Crypto Investor Sues AT&T
American cryptocurrency investor and entrepreneur Michael Terpin is suing telecommunications giant AT&T for a sum of $224 million. Terpin has accused the telecom company of fraud as well as gross negligence because of which he lost $24 million worth of cryptocurrency.
Michael Terpin is the co-founder of an angel group of Bitcoin investors named BitAngels. He is also the founder of digital currency fund, BitAngels/DApps Fund and a senior advisor to Alphabet Fund, one of the largest crypto hedge funds in the world.
Digital Identity Theft
Terpin filed a 69-page complaint in which he alleged that $24 million worth of cryptocurrencies were stolen from his mobile phone account in a case of digital identity theft.
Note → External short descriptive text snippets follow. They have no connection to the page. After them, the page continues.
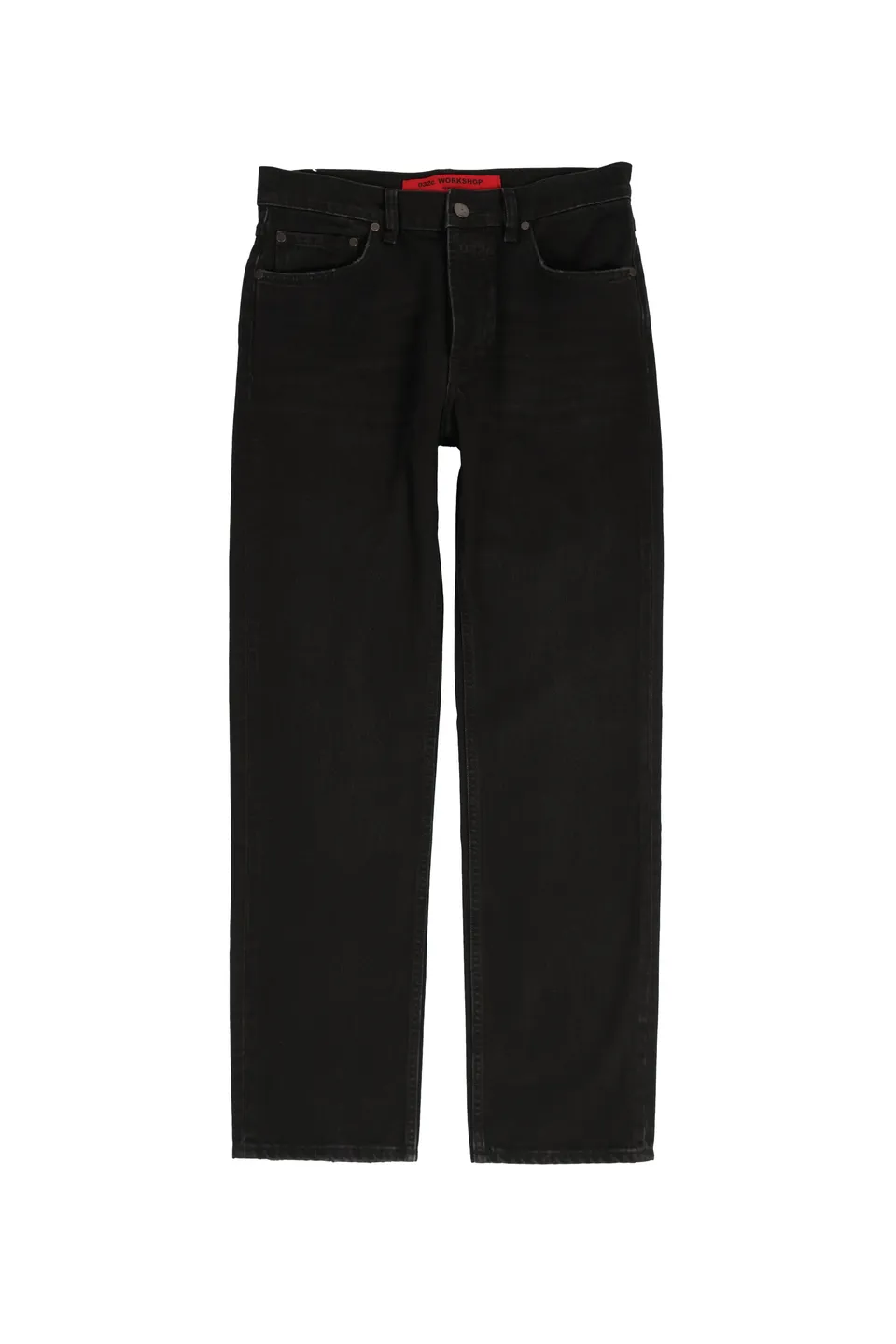 032c-straight-leg-jean-black-wash-5-pocket-denim image 1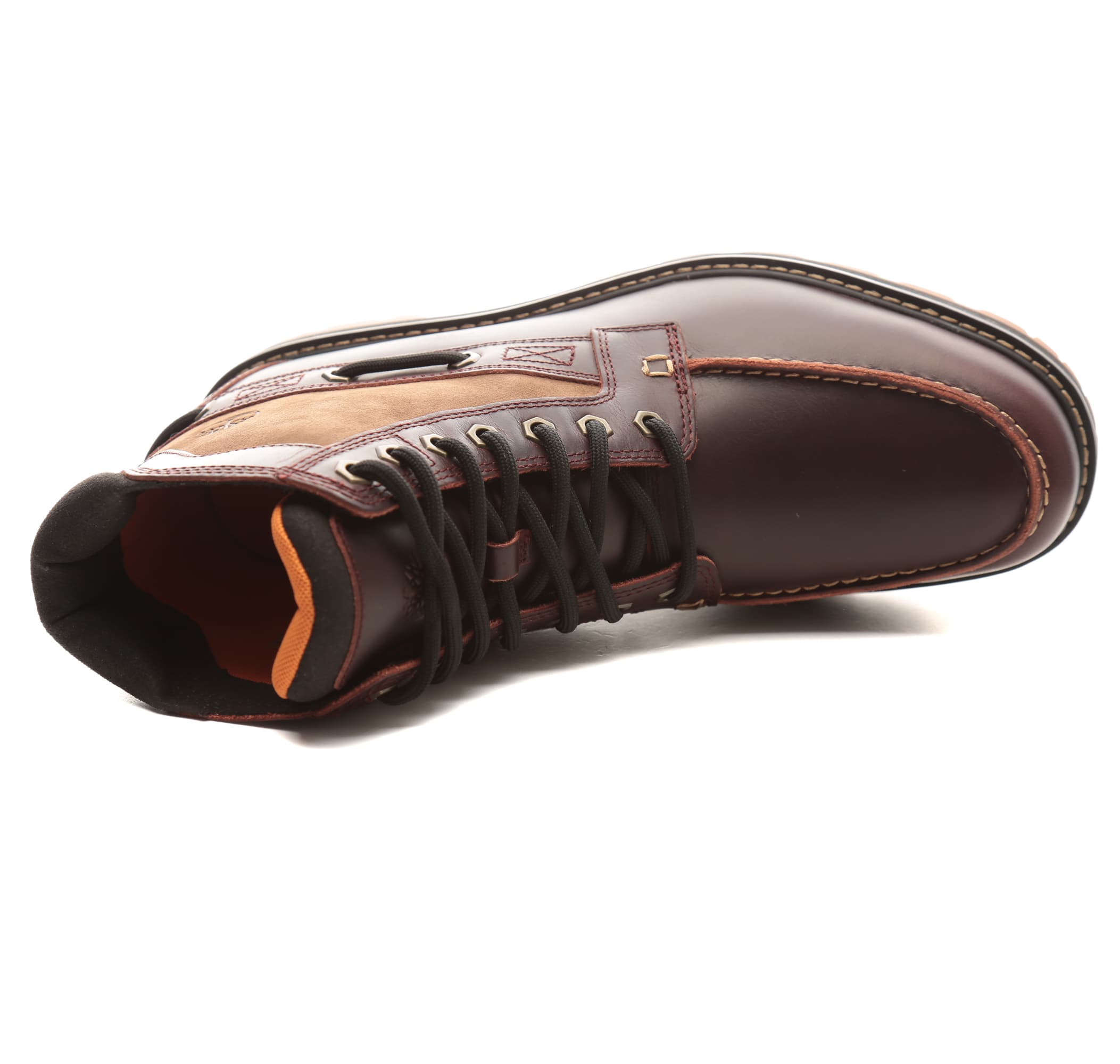 Timberland Timberland Brıtton Road Mıd Lace Up Boot Erkek Bot Ve Çizme Kahve - 5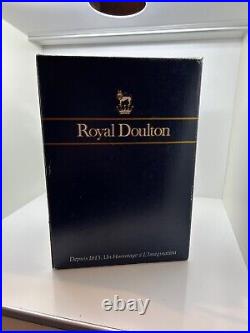 Vintage Napoleon & Josephine Royal Doulton D6750 Character Toby Jug #995 & box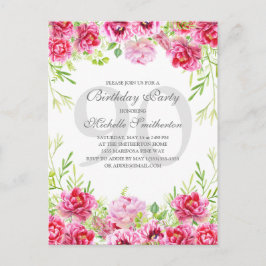 90e verjaardag van de negende verjaardag van de He Briefkaart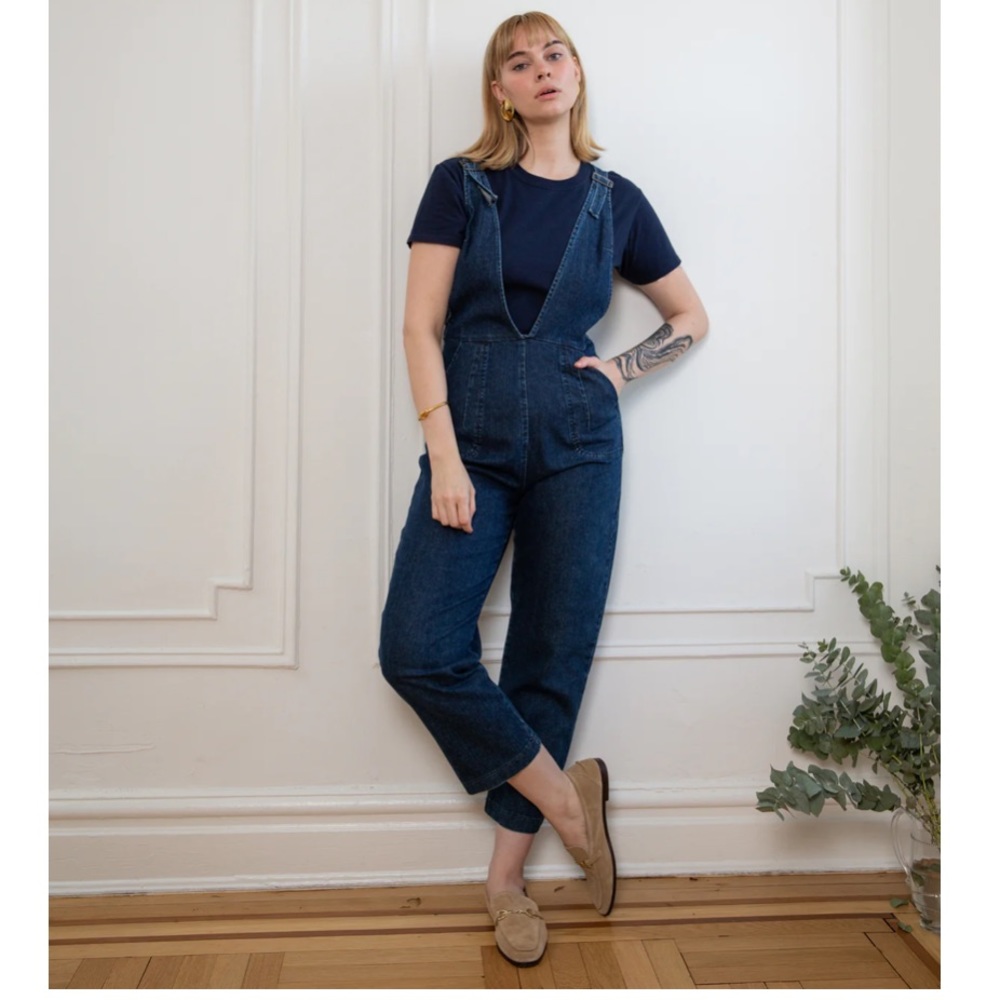 Loup Denim Rhoda Overalls Jumpsuit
This was done, according to the complaint, using SIM swap fraud. SIM (Subscriber Identification Module) cards are used to validate subscribers on mobile phones. A SIM swap fraud is when a provider is conned into transferring a subscriber’s number to another SIM card which is controlled by someone else. Once that person has access to a user’s phone number, he or she can use it to reset all passwords and access that user’s online accounts.
After the first hack attack, Terpin alleges that “insider cooperation” from AT&T is what allowed the hacker to access his cell phone number – without a store employee of the telecom company having to validate ID proof or even give a password. Once the hacker had access to his phone number, he or she was able to get to Terpin’s cryptocurrency holdings.
The entrepreneur claims that after the digital currency was stolen from his account, his mobile phone account was transferred to an international criminal gang.
The Dangers of Using Mobile Devices
AT&T’s spokesperson issued a statement that the company disputed these allegations and that they were looking forward to presenting their case in court. However, according to Terpin, this is not the first time that AT&T has been contacted by law enforcement agencies in relation to similar frauds.
Be that as it may, this case highlights the dangers of SMS-based 2FA (2 Factor Authentication) processes on mobile devices. While this process is safer than not using any kind of authentication process, it is still vulnerable to SIM-jacking attacks.
In fact, security experts advise users to secure their online accounts by using app as well as security based 2FA. The problem is that most websites do not support such processes.